Weston v. Weston

205 N.W. 434 | Minn. | 1925

Lead Opinion

1 Reported in 205 N.W. 434. Action to confirm title, in plaintiff, to an undivided one-half interest in a 400-acre farm which he claims to own, under and by virtue of a certain deed of conveyance, signed on July 26, 1921, by his brother, Llwellyn M. Weston, since deceased. The cause was tried to the court, findings made and judgment ordered in favor of plaintiff. The defendant, Edwin M. Weston, made a motion, as an individual and as representative of the deceased's estate, for amended findings or for a new trial, and appealed from an order of the district court denying his motion.

It appears that the deceased was a farmer, owning a farm in Olmsted county, referred to as the Rochester farm, and one of 400 acres in Dodge county. He also owned a real estate mortgage of $29,000, live stock and farm implements of the value of about $3,000, some personal property such as household goods and personal belongings, a small amount of money in a bank subject to check, and he carried three insurance policies, upon his life, of $2,000 each, one of which was payable to his estate and in the other two his brother Edwin, was named as beneficiary. His wife predeceased him about three months. There were no children. His parents were dead and he had no brothers or sisters living save alone the two brothers who are parties to this action. He died at Rochester on August 28, 1921, following a surgical operation, at which time he was owing $11,872.15.
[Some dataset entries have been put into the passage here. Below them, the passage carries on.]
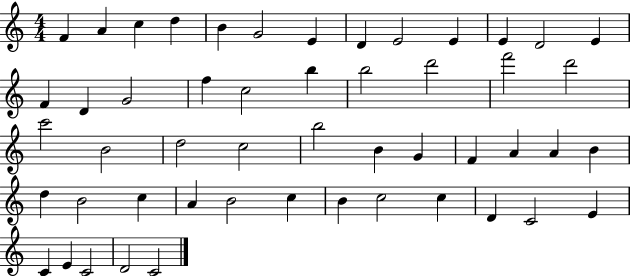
X:1
T:Untitled
M:4/4
L:1/4
K:C
F A c d B G2 E D E2 E E D2 E F D G2 f c2 b b2 d'2 f'2 d'2 c'2 B2 d2 c2 b2 B G F A A B d B2 c A B2 c B c2 c D C2 E C E C2 D2 C2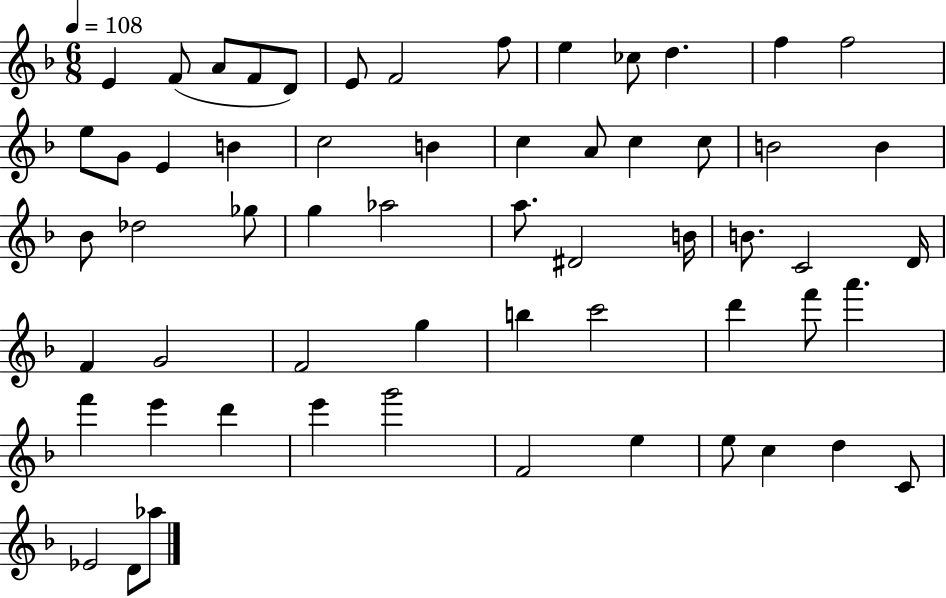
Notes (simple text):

E4/q F4/e A4/e F4/e D4/e E4/e F4/h F5/e E5/q CES5/e D5/q. F5/q F5/h E5/e G4/e E4/q B4/q C5/h B4/q C5/q A4/e C5/q C5/e B4/h B4/q Bb4/e Db5/h Gb5/e G5/q Ab5/h A5/e. D#4/h B4/s B4/e. C4/h D4/s F4/q G4/h F4/h G5/q B5/q C6/h D6/q F6/e A6/q. F6/q E6/q D6/q E6/q G6/h F4/h E5/q E5/e C5/q D5/q C4/e Eb4/h D4/e Ab5/e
In November, 1919, the deceased was owing a considerable amount to his niece, Lou Barton, and at that time, his wife joining, he deeded the Rochester farm to her on account of the amount he was owing her, and because of some present which had been promised her. This deed was not delivered nor recorded until after the death of the grantors therein named. *386

In the spring of 1921, decedent's health began to fail him. It became apparent that he must undergo a surgical operation. John Swendiman was his attorney and trusted friend. On June 13, 1921, Swendiman prepared a deed to the 400-acre farm, conveying it to the two brothers, share alike, also a bill of sale assigning the live stock and farm implements to Edwin, and an assignment of the real estate mortgage to Edwin. He then prepared a will for the deceased to execute. Llwellyn signed all of said instruments, so prepared by Swendiman, and then delivered them to Swendiman and instructed him orally to deliver them, together with the Lou Barton deed, to the proper parties after his death. On the following day, decedent executed his several notes, payable upon demand, as follows: One to Marion Hayes for $3,300; one to Marion Meade for $3,300; one to Blanche Meade for $2,150; and one to Fannie Bailey for $2,150, amounting, in the aggregate, to $10,900, being the amount which he was owing his wife at the time of her death. These notes were filed against the estate and constitute a part of the $11,872.15 indebtedness above mentioned.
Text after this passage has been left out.